Showing posts with label business and cycling. Show all posts
Showing posts with label business and cycling. Show all posts

14 June 2022

Bike Parking For Business And Democracy

Warning:  I am going to complain.  And I will quote someone who shares my complaint.  So if you want a feel-good piece, skip this one--though, I promise, it's entirely related to you if you do practical cycling of any sort.

Yesterday was the deadline to file for an absentee ballot in New York.  Even so, there weren't many people at the Board of Elections and the woman at the desk, in an orange blazer that matched her lipstick, was friendly and helpful.  We even shared a chuckle when she asked, "Can I help you?" and I replied, "Well, if you know somoene between 45 and 65; race, religion and gender not important, who likes bicycling, the arts, reading and writing and cats--not necessarily in that order.  Or, a winning lottery number would be nice."

"Of course, I wouldn't blame you if you kept them for yourself."

I started to fill out my application when I saw that I was using a red pen.  I brought my application to her. "Oh,  no problem," she said.  I explained that, as someone who teaches, I associate red pens with correcting mistakes. "Don't worry, you didn't make any," she quipped.

The whole process didn't take more than five minutes.  And the ride there, which I stretched out with a circuitous route that took me around Forest and Flushing Meadow Parks and into a couple of quiet neighborhoods tourists never see, was pleasant even on what turned into a hot, humid day.  My complaint about yesterday involves my arriving at the Board of Elections.

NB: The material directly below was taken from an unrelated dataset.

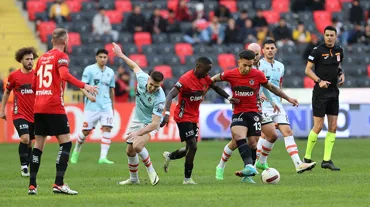 Gaziantep FK evinde galibiyeti unuttu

It takes up the 11th floor of a building that stands on the opposite side of the Van Wyck Expressway from the Queens County Courthouse.  The Queens Boulevard block on which it stands is short and its sidewalk too narrow for the subway station and stands for three buses that stop there--or for the stores, coffee and sandwich shops and hair salon that occupy it.  So, it's like the stereotype of a Manhattan street you see in the movies or on TV where, the moment yo set foot on it, you're competing for space.

You have three choices for parking your bike:  three sign posts for the buses. So, if you lock up to any of them, you'll get dirty looks from the people who crowd around them, waiting for their ride.  And there's a good chance that you'll have to thread your way through those throngs of people waiting for their bus when you go to retrieve your bike.

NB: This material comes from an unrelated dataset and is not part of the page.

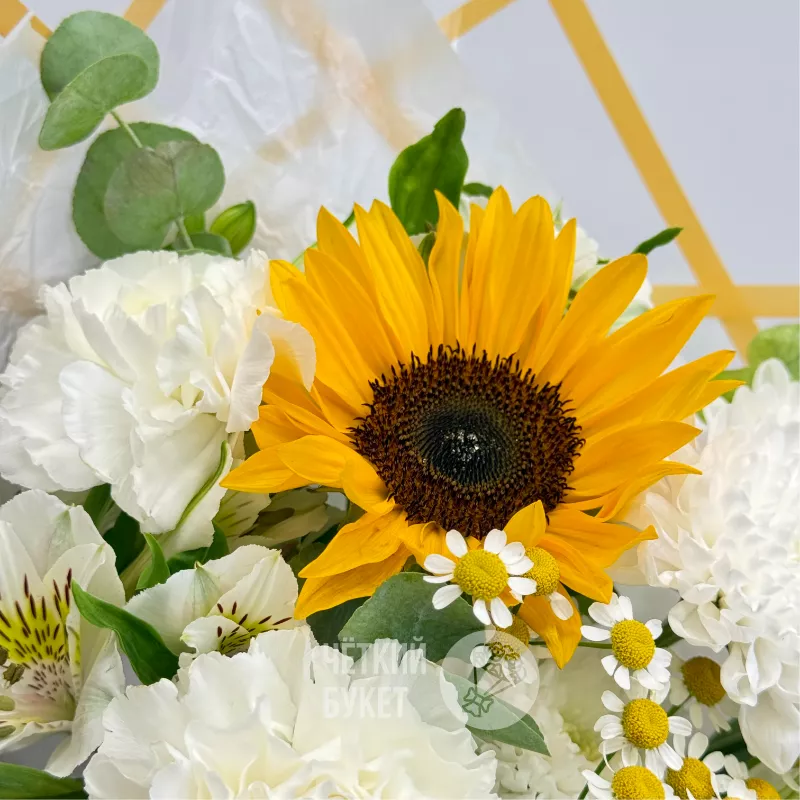 Букет с подсолнухом,  гвоздиками, хризантемой и танацетумом &laquo;Энергия солнца&raquo; 3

When I can't find parking on the block where I'm running an errand, I look around the corner.  Unfortunately, the situation was even worse on the side streets:  There wasn't anything to which one could lock a bike.

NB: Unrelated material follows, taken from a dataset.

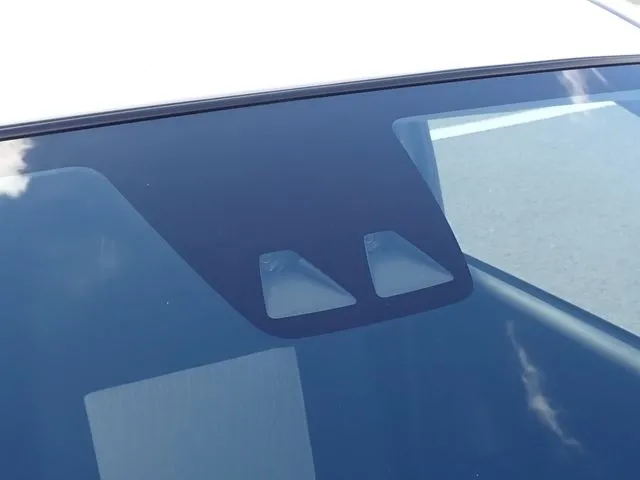 ミラ　イース（ダイハツ）の車両写真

While the are more bike parking "donuts" available throughout the city, they're found mainly in downtown Manhattan and the Brooklyn and Queens neighborhoods directly across the river.  They're scarce or non-existence further from what I call Linus-Land, where the young and affluent ride stylish-looking bikes to the kinds of work spaces or cafes one sees in design magazines--in other words, locales like the Queens Board of Elections.


The Board of Elections is on the 11th floor of this tower.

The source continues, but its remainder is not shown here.